[Scraped caption text data]
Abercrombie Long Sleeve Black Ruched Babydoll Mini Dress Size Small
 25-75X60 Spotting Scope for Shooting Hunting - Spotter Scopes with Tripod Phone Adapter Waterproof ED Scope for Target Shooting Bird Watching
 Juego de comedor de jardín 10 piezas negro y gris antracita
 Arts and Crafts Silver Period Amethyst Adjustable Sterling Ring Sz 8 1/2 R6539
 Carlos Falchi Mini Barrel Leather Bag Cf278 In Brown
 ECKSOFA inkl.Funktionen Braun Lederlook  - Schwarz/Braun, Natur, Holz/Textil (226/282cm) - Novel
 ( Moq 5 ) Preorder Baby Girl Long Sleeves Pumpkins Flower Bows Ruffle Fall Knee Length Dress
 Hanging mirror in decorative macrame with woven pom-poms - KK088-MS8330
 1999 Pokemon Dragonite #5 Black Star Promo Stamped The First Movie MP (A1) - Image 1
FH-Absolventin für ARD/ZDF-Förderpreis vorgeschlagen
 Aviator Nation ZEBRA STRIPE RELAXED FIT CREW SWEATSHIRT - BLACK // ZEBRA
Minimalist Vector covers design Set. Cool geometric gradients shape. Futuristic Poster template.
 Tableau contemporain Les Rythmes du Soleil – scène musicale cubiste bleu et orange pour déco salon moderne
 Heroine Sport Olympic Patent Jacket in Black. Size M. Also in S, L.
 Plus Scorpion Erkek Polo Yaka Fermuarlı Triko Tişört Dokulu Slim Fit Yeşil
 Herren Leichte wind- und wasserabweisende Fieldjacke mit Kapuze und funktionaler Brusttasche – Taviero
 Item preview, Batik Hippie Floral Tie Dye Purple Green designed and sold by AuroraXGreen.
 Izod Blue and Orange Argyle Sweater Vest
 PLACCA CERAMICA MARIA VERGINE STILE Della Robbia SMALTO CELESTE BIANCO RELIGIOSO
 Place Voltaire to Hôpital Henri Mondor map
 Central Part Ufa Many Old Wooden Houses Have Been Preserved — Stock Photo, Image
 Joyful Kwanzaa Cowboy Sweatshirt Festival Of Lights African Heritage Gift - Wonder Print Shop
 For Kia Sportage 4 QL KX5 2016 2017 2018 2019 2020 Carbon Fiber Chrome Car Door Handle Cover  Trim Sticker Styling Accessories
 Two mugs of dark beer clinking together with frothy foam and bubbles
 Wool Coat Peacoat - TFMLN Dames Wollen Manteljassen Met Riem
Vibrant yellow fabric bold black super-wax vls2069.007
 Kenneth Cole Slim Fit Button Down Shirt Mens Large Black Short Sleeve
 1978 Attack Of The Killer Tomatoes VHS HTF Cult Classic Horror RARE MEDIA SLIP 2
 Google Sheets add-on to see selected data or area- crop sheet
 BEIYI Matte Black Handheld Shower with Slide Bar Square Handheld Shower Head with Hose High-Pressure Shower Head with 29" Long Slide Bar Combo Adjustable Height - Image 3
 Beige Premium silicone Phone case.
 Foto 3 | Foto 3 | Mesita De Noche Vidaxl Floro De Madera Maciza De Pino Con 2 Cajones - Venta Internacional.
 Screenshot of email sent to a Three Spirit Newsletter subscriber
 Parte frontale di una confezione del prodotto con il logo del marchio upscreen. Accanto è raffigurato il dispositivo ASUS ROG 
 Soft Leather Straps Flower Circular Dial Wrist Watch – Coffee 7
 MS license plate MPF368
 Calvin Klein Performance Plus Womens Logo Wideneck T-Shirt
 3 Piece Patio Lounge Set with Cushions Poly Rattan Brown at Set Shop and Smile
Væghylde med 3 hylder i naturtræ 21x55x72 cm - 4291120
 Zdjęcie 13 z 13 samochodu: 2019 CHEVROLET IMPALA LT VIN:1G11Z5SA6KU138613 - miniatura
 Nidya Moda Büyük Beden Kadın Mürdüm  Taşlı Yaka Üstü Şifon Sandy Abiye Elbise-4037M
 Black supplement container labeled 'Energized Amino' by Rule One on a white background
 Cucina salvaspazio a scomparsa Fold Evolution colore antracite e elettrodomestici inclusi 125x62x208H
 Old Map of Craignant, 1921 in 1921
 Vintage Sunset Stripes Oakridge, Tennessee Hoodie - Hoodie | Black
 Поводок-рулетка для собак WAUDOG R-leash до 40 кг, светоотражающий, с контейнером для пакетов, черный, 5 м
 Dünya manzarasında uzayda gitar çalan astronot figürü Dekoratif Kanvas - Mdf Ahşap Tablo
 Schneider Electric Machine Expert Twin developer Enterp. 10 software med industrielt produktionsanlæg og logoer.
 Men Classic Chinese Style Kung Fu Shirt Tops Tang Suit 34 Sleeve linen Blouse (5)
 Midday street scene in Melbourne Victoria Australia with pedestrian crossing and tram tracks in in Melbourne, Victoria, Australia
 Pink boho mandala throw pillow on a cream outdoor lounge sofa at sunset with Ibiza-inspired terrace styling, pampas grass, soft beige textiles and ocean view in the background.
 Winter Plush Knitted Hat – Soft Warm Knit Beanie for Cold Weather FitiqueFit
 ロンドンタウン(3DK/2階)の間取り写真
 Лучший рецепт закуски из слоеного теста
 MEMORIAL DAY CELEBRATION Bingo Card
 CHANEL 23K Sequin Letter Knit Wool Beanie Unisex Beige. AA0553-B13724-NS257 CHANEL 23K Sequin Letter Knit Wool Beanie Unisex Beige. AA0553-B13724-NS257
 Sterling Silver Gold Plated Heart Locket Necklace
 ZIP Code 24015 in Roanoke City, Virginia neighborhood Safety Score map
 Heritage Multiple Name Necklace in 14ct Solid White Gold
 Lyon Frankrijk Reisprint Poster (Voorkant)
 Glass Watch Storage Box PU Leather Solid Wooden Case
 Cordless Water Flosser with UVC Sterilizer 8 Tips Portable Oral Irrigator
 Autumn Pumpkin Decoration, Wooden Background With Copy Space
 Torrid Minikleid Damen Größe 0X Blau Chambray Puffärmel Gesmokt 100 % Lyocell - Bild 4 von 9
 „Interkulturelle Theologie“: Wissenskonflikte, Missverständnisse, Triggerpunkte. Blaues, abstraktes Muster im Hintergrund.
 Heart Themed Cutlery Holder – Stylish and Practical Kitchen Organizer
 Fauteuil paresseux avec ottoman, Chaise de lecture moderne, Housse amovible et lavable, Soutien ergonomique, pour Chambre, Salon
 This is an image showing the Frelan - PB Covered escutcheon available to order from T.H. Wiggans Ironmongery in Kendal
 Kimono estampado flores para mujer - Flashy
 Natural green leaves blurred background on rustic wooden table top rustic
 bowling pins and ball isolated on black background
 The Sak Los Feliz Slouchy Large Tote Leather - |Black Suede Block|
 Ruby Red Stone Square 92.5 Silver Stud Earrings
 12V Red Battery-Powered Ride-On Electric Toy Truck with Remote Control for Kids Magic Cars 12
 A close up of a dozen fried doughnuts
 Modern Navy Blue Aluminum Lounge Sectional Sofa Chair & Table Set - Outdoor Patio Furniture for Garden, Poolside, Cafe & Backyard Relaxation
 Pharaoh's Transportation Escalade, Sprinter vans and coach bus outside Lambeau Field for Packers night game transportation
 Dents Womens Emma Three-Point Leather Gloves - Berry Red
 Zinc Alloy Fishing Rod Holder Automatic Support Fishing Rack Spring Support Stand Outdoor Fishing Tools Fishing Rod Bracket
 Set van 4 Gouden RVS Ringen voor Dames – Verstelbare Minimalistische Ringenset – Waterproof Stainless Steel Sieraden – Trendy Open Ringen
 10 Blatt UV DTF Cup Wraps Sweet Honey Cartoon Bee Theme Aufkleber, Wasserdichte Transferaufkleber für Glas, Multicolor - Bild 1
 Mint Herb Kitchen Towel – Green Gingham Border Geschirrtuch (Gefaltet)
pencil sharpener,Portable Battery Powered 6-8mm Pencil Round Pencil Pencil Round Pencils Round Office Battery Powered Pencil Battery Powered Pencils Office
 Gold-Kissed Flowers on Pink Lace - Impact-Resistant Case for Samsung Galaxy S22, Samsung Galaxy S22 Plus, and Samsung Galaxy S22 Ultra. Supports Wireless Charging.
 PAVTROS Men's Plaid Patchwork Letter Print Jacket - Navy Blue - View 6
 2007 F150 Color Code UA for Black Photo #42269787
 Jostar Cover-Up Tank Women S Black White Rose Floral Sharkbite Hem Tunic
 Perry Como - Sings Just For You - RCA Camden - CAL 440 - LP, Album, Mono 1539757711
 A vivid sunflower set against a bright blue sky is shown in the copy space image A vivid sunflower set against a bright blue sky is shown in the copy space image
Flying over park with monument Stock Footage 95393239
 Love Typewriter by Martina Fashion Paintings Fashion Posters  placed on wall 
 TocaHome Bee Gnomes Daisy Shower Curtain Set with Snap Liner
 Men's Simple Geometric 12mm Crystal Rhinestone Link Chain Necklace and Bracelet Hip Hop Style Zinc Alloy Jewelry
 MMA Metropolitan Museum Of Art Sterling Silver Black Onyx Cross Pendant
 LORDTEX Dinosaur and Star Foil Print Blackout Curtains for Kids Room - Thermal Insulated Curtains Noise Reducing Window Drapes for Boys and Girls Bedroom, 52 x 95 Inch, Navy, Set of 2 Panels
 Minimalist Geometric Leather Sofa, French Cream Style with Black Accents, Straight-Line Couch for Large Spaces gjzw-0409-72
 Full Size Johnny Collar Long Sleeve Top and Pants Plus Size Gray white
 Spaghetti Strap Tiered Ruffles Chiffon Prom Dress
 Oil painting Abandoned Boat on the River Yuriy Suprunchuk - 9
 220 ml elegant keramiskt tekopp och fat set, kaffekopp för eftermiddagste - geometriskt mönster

**Your instructions**: What do the lines above say from the one containing "Лучший рецепт закуски из слоеного теста" down to the one containing "Muster im Hintergrund."? Return them exactly, both end lines included, and only them.

**Answer to this task**:
 Лучший рецепт закуски из слоеного теста
 MEMORIAL DAY CELEBRATION Bingo Card
 CHANEL 23K Sequin Letter Knit Wool Beanie Unisex Beige. AA0553-B13724-NS257 CHANEL 23K Sequin Letter Knit Wool Beanie Unisex Beige. AA0553-B13724-NS257
 Sterling Silver Gold Plated Heart Locket Necklace
 ZIP Code 24015 in Roanoke City, Virginia neighborhood Safety Score map
 Heritage Multiple Name Necklace in 14ct Solid White Gold
 Lyon Frankrijk Reisprint Poster (Voorkant)
 Glass Watch Storage Box PU Leather Solid Wooden Case
 Cordless Water Flosser with UVC Sterilizer 8 Tips Portable Oral Irrigator
 Autumn Pumpkin Decoration, Wooden Background With Copy Space
 Torrid Minikleid Damen Größe 0X Blau Chambray Puffärmel Gesmokt 100 % Lyocell - Bild 4 von 9
 „Interkulturelle Theologie“: Wissenskonflikte, Missverständnisse, Triggerpunkte. Blaues, abstraktes Muster im Hintergrund.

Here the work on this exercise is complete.